NBC calls "The Adventures of Mark & Brian" reality television. If this is reality, I'm dropping out. Anyone got a ticket for the next Grateful Dead concert?
The new show, which previews at 8:30 tonight on WMAR-TV (Channel 2) before taking up its regular Sunday berth, is mainly TV on the cheap. It deals with two real-life Los Angeles disc jockeys who live out a different fantasy every week. It's on the schedule because NBC didn't have anything cheaper to put on in its 7 p.m time slot to be slaughtered by CBS' "60 Minutes." The reality is that networks can no longer afford big budgets for shows that can't win time periods.
All you need for this half-hour show are two disc jockeys named Brian Phelps and Mark Thompson, a couple of hand-held cameras and a half-baked notion of a fantasy some Hollywood producer thinks people all over America share.

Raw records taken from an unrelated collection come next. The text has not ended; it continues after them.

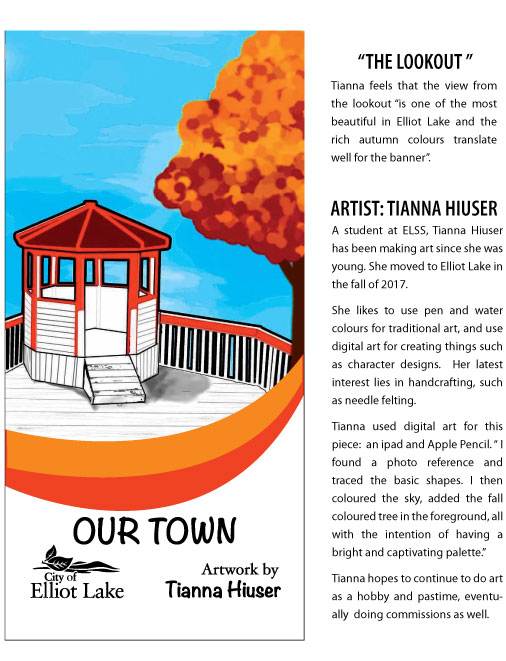 Tianna Hiuser's The Lookout" Banner Art and Biography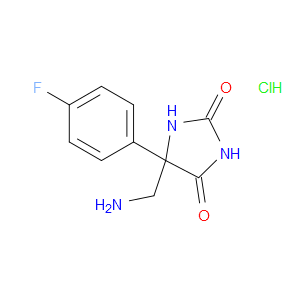 5-(AMINOMETHYL)-5-(4-FLUOROPHENYL)IMIDAZOLIDINE-2,4-DIONE HYDROCHLORIDE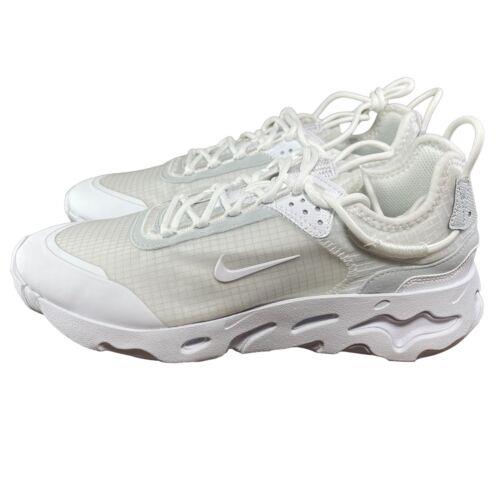 Nike React Live CV1772-101 Men`s White/pure Platinum Running Shoes Size 8 - White/Pure Platinum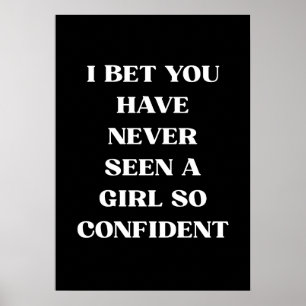 Affiche Citation Fille Confiance Citation Noir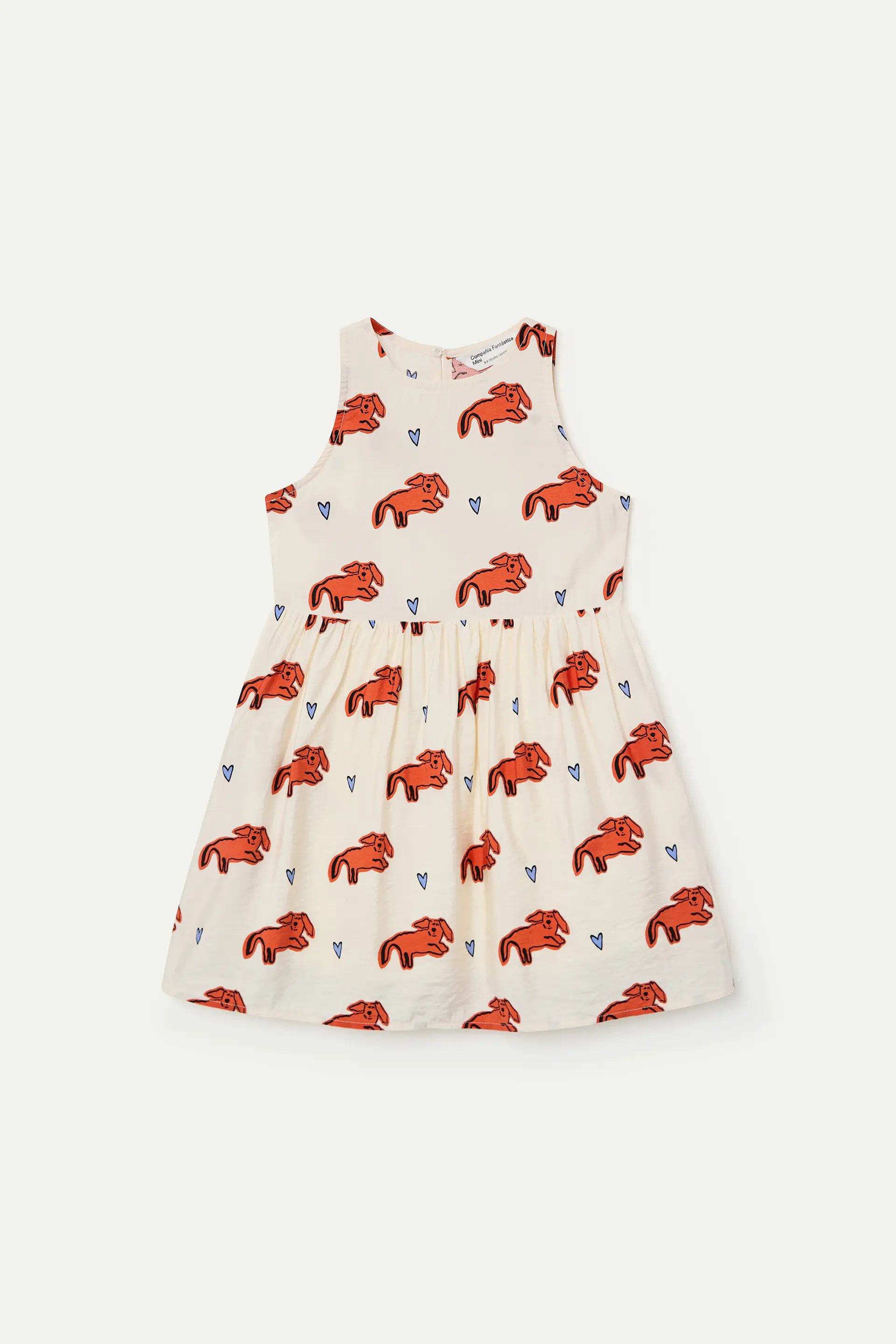 Vestido corto de ni?a con estampado Tochi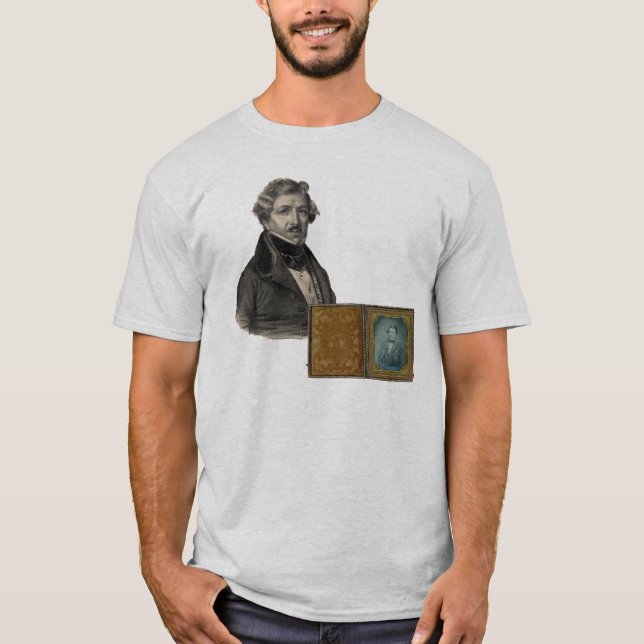 Camiseta Daguerre e o Daguerreotype (Frente)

In fairness, tonight's fantasy is not a bad one -- singing with the Temptations. We see Mark and Brian practicing with the Motown group, messing up their dance steps, trying to sing in near-falsetto voices, getting fitted for their tuxedos and suffering through backstage sweats and jitters before joining the Temps on stage in concert.
The problem, though, is one of identification. It's not enough that audience members share the fantasy, they must also identify with the people getting to live out the fantasy for such a show to work.
Mark and Brian are very popular on Los Angeles radio where they do a hip and irreverent form of radio. Here, they are toned down -- the way prime-time TV often takes the edge off other strains of pop culture when adapting them.
The result is that Mark and Brian come off as two guys who make silly faces and almost never say anything interesting. They are not The Great American Amateur the way, say, George Plimpton was. They do not have the innocence of children fantasizing about what they'll do when they grow up.
The fantasies -- and the series -- promise to get worse. One week, they swim with sharks. Another week, they perform with circus trapeze artists.
That's assuming they are still around after a couple of weeks and not a victim of early cancellation: another reality for this kind of two-bit entertainment.